FlexSource - Electric power distribution (Wikipedia)

Source - Electric power distribution (Wikipedia)


Source: Electric power distribution - Wikipedia

Summary

Electric power distribution is the final stage of electricity delivery, carrying power from the Electric Power Transmission system to individual consumers. Substations connect to the transmission system and step down voltage to medium voltage (2–33 kV) using transformers. Primary distribution lines carry this to Distribution Transformers near customer premises, which further reduce voltage to utilization levels (e.g. 230/400 V in Europe, 120/240 V in North America).

Key points

  • Distribution substations transition from transmission to distribution: circuit breakers, transformers stepping down to medium voltage, and busbars splitting power into multiple feeders.
  • Network configurations: radial (tree-like, one source per customer) vs. network (multiple parallel sources).
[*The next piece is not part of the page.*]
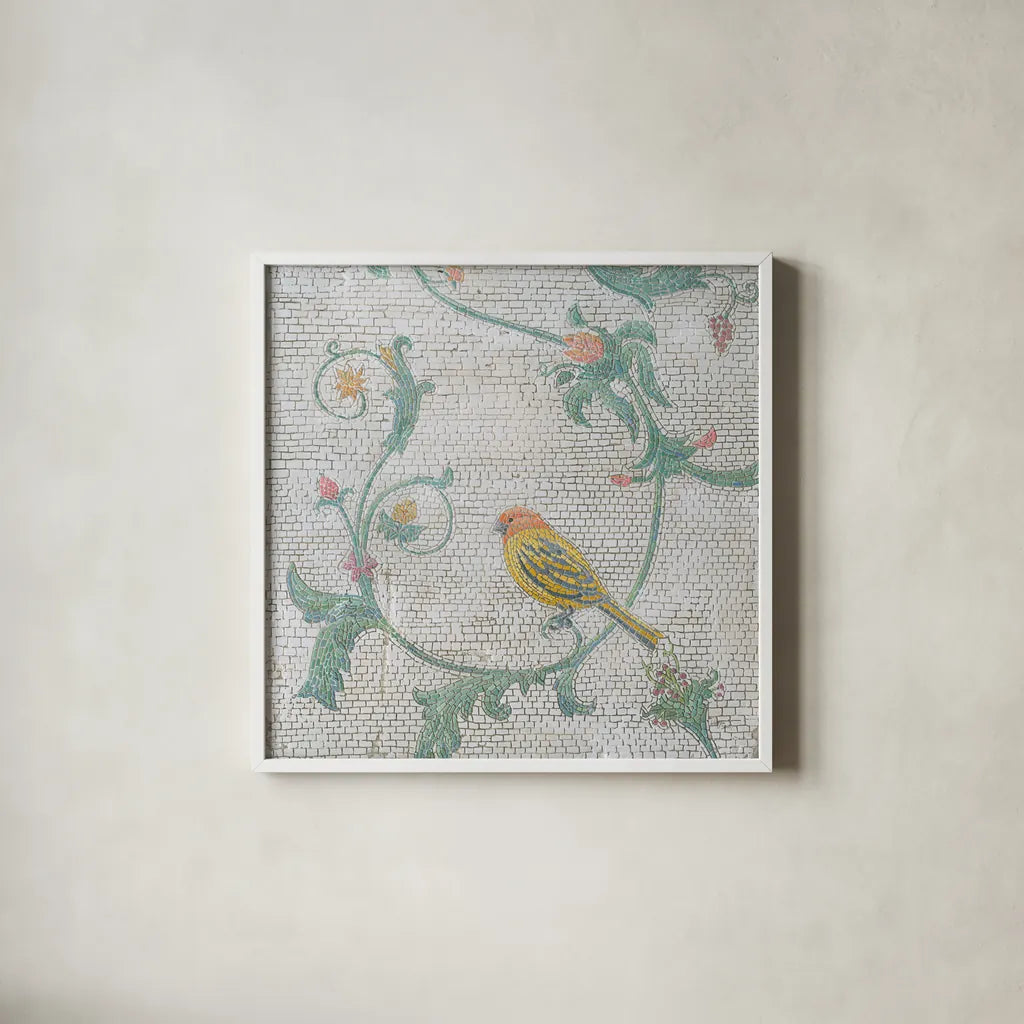 Mosaic Birds III by Wellington Studio. Shown in a crisp white glass frame for a clean and minimalist style. Available as an archival giclee rolled canvas, fine art paper, or poster print. SKU 90248a.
Radial is common in rural/suburban areas; network in dense urban.
  • Urban distribution is mainly underground; rural mostly overhead on utility poles; suburban is mixed.
  • Primary distribution voltages range from 4–35 kV. Only large consumers connect directly at this level.
  • Secondary distribution delivers at utilization voltage. Europe uses 230/400 V three-phase at 50 Hz. North America uses 120/240 V split-phase at 60 Hz.
  • Deregulation (1970s–1980s onward): generation and retail became competitive markets, but distribution remained regulated as a Natural Monopoly.

Relevance to flexibility

The article’s final section on modern distribution systems is directly relevant:

“Today’s distribution systems are heavily integrated with renewable energy generations at the distribution level… As a result, distribution systems are gradually becoming more independent from the transmission networks. Balancing the supply-demand relationship at these modern distribution networks (sometimes referred to as microgrids) is challenging, and it requires the use of various economic, technological and operational means to operate. Such tools include market signals, battery storage, data analytics, optimization tools, etc.”

This is the core context for why Flexibility at the distribution level matters: DER integration is transforming the distribution grid from a passive one-way delivery system into an active, bidirectional network requiring new balancing tools.